Print out all of the records exactly; no picture belongs in the result.

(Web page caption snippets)

================

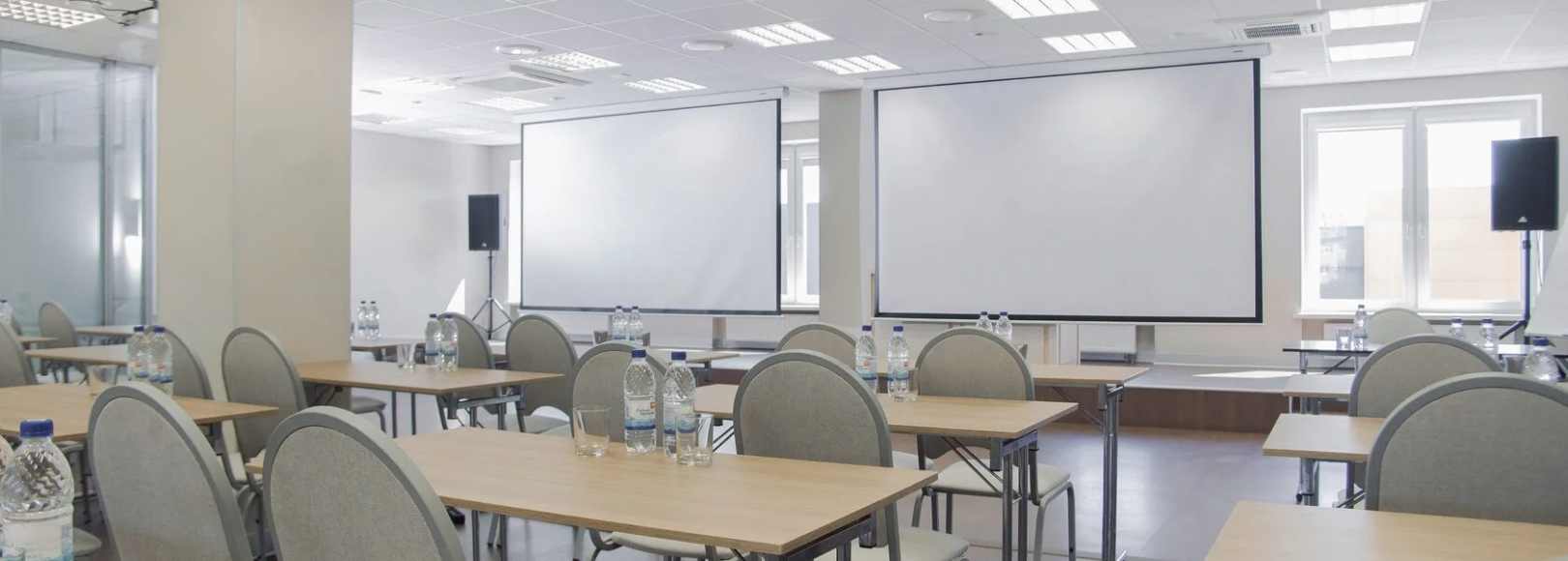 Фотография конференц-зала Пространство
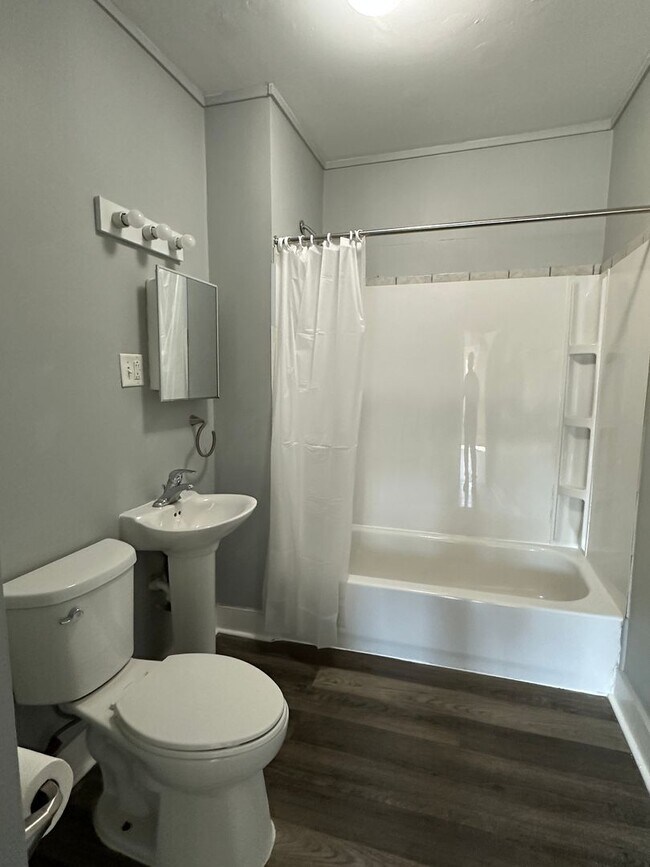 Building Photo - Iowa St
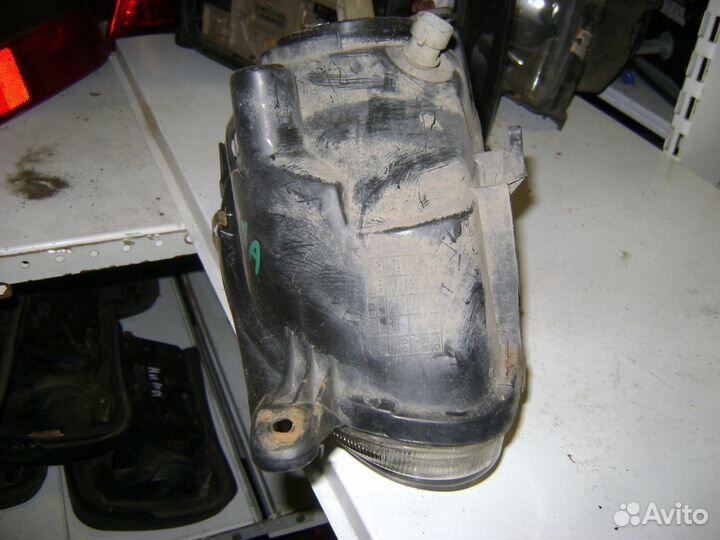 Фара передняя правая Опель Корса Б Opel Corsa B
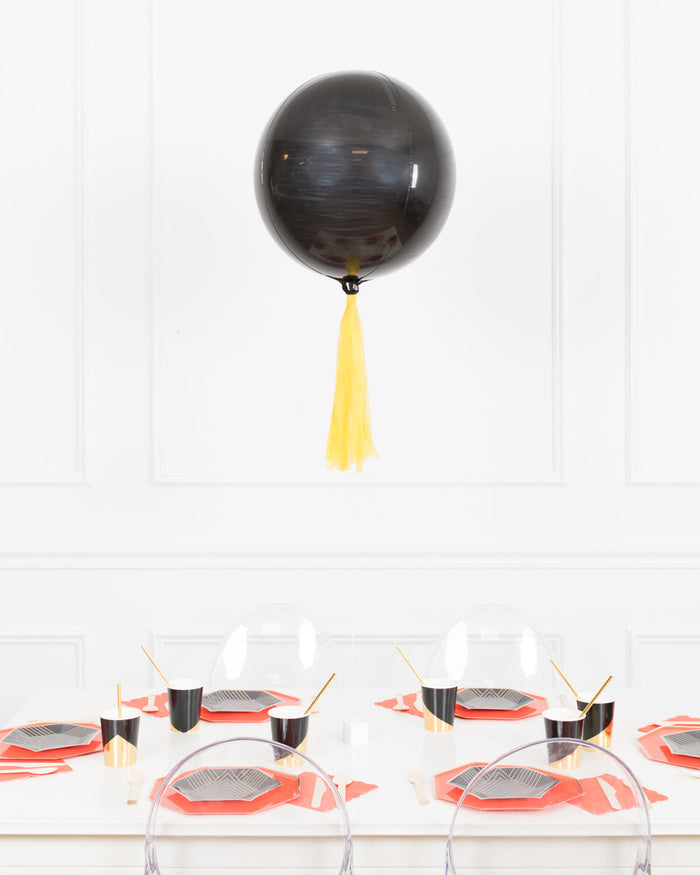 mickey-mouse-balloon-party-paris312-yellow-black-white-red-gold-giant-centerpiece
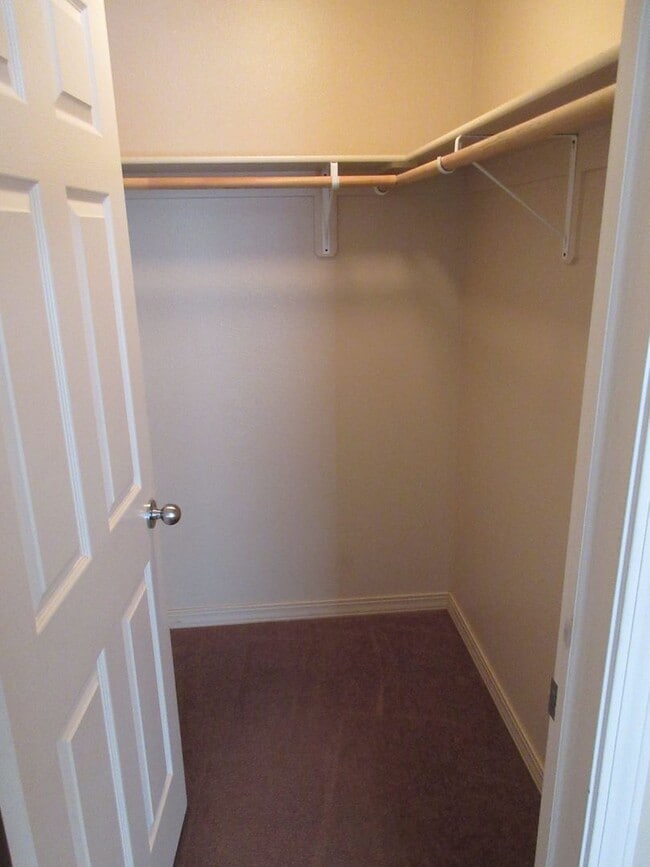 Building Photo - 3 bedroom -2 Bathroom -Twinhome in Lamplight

================

#### Response area:
 Фотография конференц-зала Пространство
 Building Photo - Iowa St
 Фара передняя правая Опель Корса Б Opel Corsa B
 mickey-mouse-balloon-party-paris312-yellow-black-white-red-gold-giant-centerpiece
 Building Photo - 3 bedroom -2 Bathroom -Twinhome in Lamplight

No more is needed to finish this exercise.